Learn R Programming

⚠️There's a newer version (1.0.5) of this package.Take me there.

SCF: An R Package for Analyzing the Survey of Consumer Finances

Overview

The scf R package provides a structured, reproducible, and pedagogically-aware toolkit for analyzing the U.S. Federal Reserve’s Survey of Consumer Finances (SCF), one of the highest-quality data sources for information on U.S. households’ balance sheets and income statements.

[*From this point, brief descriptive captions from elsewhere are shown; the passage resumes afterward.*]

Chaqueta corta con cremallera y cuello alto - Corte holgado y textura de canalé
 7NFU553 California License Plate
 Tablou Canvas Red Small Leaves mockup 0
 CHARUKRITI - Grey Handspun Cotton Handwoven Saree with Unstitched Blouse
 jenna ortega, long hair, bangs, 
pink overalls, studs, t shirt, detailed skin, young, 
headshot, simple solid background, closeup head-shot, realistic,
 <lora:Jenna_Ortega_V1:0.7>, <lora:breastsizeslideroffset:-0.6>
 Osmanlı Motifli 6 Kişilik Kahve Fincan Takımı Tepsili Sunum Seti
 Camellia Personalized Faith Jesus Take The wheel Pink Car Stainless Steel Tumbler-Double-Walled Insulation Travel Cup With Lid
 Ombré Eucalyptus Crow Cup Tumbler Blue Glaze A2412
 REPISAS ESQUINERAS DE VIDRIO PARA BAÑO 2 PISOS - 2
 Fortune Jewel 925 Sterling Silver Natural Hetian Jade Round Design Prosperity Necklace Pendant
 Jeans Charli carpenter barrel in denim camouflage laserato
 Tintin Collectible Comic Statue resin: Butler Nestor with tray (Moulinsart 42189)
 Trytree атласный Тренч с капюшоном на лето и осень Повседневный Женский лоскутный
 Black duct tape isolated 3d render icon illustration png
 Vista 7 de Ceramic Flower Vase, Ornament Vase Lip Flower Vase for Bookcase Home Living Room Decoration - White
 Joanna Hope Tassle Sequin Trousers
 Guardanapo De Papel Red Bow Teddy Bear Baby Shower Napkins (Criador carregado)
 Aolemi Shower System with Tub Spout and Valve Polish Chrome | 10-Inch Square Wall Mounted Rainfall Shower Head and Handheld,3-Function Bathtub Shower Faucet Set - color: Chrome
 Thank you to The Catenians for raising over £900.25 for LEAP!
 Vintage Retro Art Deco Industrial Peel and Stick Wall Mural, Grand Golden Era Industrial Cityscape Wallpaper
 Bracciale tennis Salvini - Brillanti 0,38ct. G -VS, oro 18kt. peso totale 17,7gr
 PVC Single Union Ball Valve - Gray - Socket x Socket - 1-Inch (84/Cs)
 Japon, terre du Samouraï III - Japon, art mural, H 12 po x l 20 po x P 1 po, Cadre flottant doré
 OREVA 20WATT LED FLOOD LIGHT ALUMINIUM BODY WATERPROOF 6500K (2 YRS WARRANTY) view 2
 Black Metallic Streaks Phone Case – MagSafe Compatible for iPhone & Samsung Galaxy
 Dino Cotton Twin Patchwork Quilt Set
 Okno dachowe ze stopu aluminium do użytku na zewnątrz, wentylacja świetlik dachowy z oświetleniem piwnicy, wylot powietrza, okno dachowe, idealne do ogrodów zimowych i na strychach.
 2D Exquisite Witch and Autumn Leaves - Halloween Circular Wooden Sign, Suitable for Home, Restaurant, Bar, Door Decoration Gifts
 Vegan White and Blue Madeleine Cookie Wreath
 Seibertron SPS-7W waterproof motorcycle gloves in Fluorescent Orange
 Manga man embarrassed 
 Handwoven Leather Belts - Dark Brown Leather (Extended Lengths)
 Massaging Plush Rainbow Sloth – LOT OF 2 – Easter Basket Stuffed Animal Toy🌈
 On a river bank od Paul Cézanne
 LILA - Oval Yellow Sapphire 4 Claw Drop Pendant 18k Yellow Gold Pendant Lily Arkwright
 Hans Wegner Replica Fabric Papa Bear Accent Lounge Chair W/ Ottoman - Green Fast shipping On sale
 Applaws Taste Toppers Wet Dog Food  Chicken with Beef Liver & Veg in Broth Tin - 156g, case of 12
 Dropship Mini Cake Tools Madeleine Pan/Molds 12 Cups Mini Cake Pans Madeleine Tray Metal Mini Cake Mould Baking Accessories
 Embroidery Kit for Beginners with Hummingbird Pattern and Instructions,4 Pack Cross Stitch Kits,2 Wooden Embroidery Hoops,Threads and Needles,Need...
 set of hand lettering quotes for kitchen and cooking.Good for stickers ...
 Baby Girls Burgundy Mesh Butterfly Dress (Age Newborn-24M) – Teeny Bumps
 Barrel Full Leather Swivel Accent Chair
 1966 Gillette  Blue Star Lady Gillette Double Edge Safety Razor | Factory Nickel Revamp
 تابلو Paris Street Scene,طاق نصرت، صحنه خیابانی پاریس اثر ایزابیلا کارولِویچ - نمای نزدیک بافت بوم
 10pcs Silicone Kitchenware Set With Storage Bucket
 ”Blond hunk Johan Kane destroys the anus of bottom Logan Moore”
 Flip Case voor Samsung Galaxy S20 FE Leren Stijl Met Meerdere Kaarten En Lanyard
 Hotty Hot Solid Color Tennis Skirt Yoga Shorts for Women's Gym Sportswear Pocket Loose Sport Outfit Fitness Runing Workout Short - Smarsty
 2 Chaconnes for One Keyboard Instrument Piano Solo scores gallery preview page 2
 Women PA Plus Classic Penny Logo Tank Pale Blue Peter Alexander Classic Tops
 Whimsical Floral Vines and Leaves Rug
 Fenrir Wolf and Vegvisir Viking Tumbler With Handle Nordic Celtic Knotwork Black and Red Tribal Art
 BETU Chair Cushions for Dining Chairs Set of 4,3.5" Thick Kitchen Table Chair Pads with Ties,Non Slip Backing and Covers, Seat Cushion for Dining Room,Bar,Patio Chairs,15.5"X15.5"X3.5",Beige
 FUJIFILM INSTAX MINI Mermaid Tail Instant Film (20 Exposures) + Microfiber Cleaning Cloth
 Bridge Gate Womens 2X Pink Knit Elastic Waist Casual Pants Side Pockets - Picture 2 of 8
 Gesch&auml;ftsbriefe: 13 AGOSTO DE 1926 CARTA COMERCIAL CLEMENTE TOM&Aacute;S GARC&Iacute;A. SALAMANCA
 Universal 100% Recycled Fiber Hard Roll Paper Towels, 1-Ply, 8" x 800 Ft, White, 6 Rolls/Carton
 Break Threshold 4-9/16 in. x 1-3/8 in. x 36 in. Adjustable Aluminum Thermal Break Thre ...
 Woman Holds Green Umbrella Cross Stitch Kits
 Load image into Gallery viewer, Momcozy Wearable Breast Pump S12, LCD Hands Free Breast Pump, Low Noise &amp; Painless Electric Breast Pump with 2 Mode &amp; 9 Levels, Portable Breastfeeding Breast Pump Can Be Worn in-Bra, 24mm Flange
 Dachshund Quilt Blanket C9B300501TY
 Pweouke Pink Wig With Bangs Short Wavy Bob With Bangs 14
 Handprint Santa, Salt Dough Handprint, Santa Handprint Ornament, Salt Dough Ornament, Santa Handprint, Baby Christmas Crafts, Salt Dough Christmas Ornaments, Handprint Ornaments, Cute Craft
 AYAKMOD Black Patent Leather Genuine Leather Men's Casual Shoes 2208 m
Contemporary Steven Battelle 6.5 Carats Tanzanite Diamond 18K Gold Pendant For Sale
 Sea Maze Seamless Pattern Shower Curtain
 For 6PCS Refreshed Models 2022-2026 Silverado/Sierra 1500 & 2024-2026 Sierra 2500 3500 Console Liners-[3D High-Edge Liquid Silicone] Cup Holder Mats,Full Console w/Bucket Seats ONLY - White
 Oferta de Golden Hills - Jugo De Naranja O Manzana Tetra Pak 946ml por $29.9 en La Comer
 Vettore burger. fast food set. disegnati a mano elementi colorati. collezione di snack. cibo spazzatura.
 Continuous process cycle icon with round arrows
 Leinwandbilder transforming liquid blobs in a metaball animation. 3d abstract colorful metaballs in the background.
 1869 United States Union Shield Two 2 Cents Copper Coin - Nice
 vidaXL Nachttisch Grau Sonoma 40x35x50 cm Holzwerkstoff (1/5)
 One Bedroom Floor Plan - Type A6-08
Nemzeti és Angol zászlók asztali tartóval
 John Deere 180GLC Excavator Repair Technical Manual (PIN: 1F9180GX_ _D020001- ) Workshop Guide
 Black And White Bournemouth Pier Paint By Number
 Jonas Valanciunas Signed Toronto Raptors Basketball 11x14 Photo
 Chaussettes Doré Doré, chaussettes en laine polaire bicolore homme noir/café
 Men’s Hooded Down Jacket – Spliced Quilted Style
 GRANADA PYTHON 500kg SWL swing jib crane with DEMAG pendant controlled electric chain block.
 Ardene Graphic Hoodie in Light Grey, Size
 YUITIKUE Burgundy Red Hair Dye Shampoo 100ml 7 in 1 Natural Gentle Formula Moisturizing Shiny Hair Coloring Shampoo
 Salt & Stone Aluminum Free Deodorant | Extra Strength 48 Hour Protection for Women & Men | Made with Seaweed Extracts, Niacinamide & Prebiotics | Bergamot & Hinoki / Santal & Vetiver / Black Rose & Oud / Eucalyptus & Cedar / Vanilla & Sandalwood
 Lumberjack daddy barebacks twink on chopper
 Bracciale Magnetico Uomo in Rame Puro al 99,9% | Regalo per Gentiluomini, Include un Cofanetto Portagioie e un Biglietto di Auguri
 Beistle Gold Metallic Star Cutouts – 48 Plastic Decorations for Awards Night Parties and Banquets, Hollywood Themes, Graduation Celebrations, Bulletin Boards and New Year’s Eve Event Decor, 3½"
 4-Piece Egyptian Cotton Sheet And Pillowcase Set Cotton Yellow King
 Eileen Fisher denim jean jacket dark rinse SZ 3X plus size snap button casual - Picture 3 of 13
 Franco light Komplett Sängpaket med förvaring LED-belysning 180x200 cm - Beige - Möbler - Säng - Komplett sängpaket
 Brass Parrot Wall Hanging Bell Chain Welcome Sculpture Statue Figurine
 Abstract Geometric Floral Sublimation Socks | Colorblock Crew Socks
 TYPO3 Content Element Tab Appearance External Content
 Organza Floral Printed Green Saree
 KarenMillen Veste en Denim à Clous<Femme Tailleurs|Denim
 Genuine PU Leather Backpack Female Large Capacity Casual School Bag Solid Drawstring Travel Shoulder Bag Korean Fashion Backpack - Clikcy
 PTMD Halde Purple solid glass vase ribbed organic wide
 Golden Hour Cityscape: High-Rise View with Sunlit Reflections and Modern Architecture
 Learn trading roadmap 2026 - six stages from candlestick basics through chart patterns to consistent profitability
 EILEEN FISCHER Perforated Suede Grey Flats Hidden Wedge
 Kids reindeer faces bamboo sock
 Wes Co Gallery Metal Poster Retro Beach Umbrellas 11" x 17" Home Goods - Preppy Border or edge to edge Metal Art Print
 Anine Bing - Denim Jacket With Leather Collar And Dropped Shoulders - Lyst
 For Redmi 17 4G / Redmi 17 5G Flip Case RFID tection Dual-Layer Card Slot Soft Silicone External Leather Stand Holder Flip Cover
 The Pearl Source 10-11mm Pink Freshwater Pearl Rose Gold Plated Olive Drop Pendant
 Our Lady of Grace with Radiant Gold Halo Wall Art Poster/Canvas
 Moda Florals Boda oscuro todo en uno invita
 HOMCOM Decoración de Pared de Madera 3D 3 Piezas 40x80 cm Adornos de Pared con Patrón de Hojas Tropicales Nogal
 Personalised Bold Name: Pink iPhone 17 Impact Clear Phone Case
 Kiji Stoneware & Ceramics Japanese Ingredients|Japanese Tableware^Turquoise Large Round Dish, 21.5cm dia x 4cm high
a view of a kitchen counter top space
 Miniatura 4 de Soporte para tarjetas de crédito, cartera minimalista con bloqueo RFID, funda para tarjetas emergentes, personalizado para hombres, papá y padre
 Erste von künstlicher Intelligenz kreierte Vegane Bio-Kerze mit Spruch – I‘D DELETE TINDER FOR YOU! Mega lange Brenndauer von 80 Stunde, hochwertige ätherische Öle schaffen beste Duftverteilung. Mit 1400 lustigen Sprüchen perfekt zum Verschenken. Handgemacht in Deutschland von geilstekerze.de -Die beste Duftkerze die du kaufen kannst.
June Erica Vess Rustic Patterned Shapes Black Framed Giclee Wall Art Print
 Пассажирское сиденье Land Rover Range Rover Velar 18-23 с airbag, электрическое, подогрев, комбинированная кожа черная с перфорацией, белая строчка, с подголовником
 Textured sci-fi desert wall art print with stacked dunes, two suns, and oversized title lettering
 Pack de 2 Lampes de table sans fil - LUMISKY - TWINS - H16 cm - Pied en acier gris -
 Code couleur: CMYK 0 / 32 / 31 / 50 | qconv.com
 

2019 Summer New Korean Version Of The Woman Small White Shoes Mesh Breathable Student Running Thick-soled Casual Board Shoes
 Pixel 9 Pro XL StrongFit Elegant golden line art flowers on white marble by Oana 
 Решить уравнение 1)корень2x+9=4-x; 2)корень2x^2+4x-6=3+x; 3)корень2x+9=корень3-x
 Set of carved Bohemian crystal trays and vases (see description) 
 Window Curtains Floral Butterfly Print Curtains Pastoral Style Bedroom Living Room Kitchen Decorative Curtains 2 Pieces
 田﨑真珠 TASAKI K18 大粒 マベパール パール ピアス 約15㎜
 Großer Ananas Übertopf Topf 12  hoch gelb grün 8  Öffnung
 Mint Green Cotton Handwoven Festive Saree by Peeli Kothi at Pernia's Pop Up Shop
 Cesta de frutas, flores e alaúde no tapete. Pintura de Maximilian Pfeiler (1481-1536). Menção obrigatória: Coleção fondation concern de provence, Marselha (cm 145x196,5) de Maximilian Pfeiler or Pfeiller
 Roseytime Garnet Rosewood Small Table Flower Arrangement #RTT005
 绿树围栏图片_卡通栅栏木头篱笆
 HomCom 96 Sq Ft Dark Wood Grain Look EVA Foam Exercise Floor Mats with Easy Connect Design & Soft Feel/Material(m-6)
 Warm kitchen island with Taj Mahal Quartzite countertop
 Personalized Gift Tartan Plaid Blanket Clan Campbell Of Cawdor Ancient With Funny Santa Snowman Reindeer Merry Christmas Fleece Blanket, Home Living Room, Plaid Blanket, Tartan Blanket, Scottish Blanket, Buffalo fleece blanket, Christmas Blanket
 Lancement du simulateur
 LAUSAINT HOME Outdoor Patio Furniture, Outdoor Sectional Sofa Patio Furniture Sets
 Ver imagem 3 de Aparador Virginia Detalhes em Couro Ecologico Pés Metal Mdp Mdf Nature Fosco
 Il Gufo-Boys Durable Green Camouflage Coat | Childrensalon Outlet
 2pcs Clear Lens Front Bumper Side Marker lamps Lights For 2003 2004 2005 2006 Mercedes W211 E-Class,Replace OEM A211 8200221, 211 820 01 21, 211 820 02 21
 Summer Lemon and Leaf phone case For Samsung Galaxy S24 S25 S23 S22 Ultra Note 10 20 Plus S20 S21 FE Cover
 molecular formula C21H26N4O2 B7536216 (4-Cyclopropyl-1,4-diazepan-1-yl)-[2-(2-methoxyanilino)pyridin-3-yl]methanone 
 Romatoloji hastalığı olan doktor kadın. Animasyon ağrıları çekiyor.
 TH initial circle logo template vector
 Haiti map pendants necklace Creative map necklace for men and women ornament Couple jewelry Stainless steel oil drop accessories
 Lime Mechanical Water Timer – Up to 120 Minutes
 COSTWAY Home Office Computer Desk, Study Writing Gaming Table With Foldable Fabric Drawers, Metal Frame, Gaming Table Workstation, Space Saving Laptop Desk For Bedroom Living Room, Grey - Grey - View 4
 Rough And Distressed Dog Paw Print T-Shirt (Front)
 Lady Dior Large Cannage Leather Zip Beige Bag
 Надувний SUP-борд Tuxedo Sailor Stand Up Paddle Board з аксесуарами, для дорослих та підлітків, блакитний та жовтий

It wraps replicate-weighted, multiply-imputed SCF data into a consistent object class (scf_mi_survey) and offers end-to-end support for weighted descriptive statistics, hypothesis testing, regression modeling, and high-quality visualizations—while transparently incorporating Rubin’s Rules and complex sample design.

Table of Contents

Features

Data Preparation

  • scf_download(): Downloads and preprocesses SCF microdata, including all five implicates and 999 replicate weights.
  • scf_load(): Loads .rds files into structured scf_mi_survey objects ready for analysis.
  • scf_update(): Adds or transforms variables across implicates.
  • scf_subset(): Subsets the data consistently across all implicates.

Descriptive Statistics

  • scf_freq(): Weighted frequency tables for categorical variables.
  • scf_xtab(): Cross-tabulations by row, column, or cell percentages.
  • scf_mean(), scf_median(), scf_percentile(): Computes groupwise or overall statistics using Rubin’s Rules.
  • scf_corr(): Weighted Pearson correlations.

Statistical Inference

  • scf_ttest(): One-sample and two-sample t-tests for continuous variables.
  • scf_prop_test(): One-sample and two-sample proportion tests for binary variables.
  • scf_MIcombine(): Combines estimates across imputations using Rubin’s Rules (internal to most functions).

Regression Modeling

  • scf_ols(): Linear regression with pooled estimates and implicate diagnostics.
  • scf_glm(): Generalized linear models (e.g., logistic, Poisson).
  • scf_logit(): Wrapper for logistic regression with optional odds ratio output.

Visualization

  • scf_plot_dist(): Kernel density plots for visualizing and comparing distributions by group.
  • scf_plot_dbar(): Bar plots of categorical variable distributions.
  • scf_plot_bbar(): Stacked bar plots for two categorical variables.
  • scf_plot_cbar(): Bar plots for continuous variable summaries by group.
  • scf_plot_smooth(): Smoothed line plots for continuous distributions.
  • scf_plot_hist(): Weighted histograms of continuous variables.
  • scf_plot_hex(): Weighted hexbin plots for bivariate continuous data.

Diagnostics and Output

  • scf_implicates(): Extracts implicate-level results from SCF objects.
  • print(), summary(): Custom methods for clean, interpretable output in analysis and teaching.

Installation

The scf package is not yet on CRAN. To install the development version from GitHub:

# Install devtools if you don't already have it
install.packages("devtools")

# Install the SCF package from GitHub
devtools::install_github("jncohen/scf")

The package requires R ≥ 3.6 and the following packages:

  • survey (for replicate-weighted designs)
  • ggplot2 (for plotting)
  • httr, haven (for downloading and reading SCF data)
  • mitools, stats, utils, methods, and others (loaded automatically)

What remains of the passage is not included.